The matter of how EVI was calculated affects also the measures of productivity. In lines 179-197 the authors describe 4 productivity measures that they used for the analysis. First of all, are the measurements correlated with each other? But more importantly - how can the authors be sure that the second measure "Spatial standard deviation" (lines 184-6) indeed measures spatial variation of EVI? Because they define the measure as: "mean across all time points of a hectad’s spatial variation in EVI (standard deviation across pixels).". But like I described in the previous paragraph, the variability of productivity in one hectad could also be the result of seasonal variation, and differences in seasonal productivity dynamics between different land use types. And as the hectad´s productivity is calculated based on the median EVI value on all the 1600 pixels in each hectad - does that mean that the basis of productivity variability in each hectad could be calculated based on different pixel values? Because the median-valued pixel is probably different in different time points. That could really make the producitivty variability measurements just random numbers.

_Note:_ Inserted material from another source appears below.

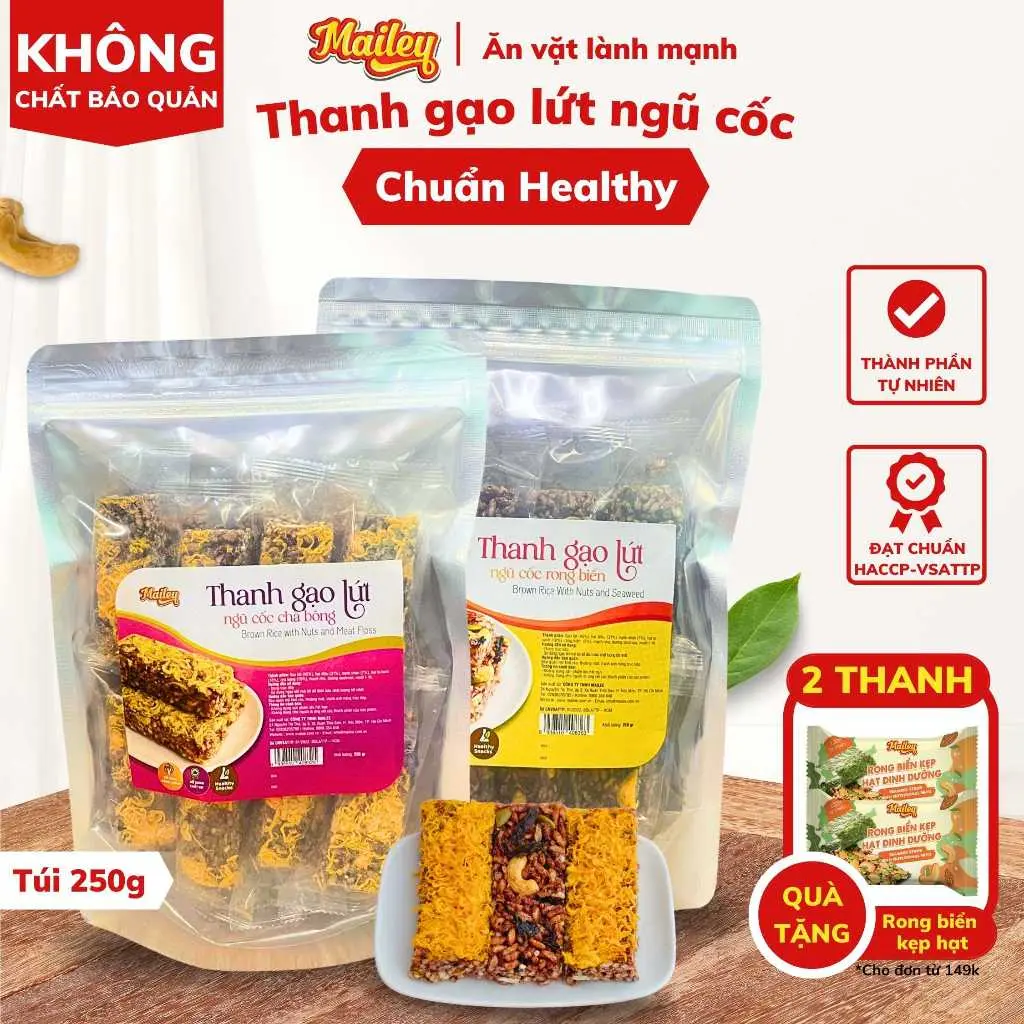 Thanh gạo lứt chà bông,rong biển mix hạt Mailey Túi 250g - Bánh gạo lứt ăn theo chế độ, tập luyện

As I´ve had quite a few critical things to point out for the Methods, I will not focus too deeply in the Discussion section in this round of reviews. I just want to point out one thing. The Discussion starts with summarizing the main results: "The relationship between productivity (mean EVI) and vascular plant species richness in Ireland does not follow the typical hump-back model identified in many previous investigations of productivity-diversity relationships in plants below the continental scale (Mittelbach et al. 2001)." (lines 279-281). Are hump-back and negative PDRs really a different thing? If we would sample the entire productivity gradient, negative PDR would be impossible - if there is 0 species there is also 0 productivity and vice versa. So, from that point of view it is very difficult to oppose hump-back PDR with negative PDR. Statistically these relationships are different, but from the ecological point of view not so much. (See also Pärtel et al 2010 Ecology "The productivity–diversity relationship: varying aims and approaches" for more discussion about that.) I would be more careful in building up the excitement in the Discussion by confronting these results.
In conclusion - the study is based on a very interesting idea. Methods section has some gaps at the moment that obstruct comprehensive assessment of the scientific outcome of this study.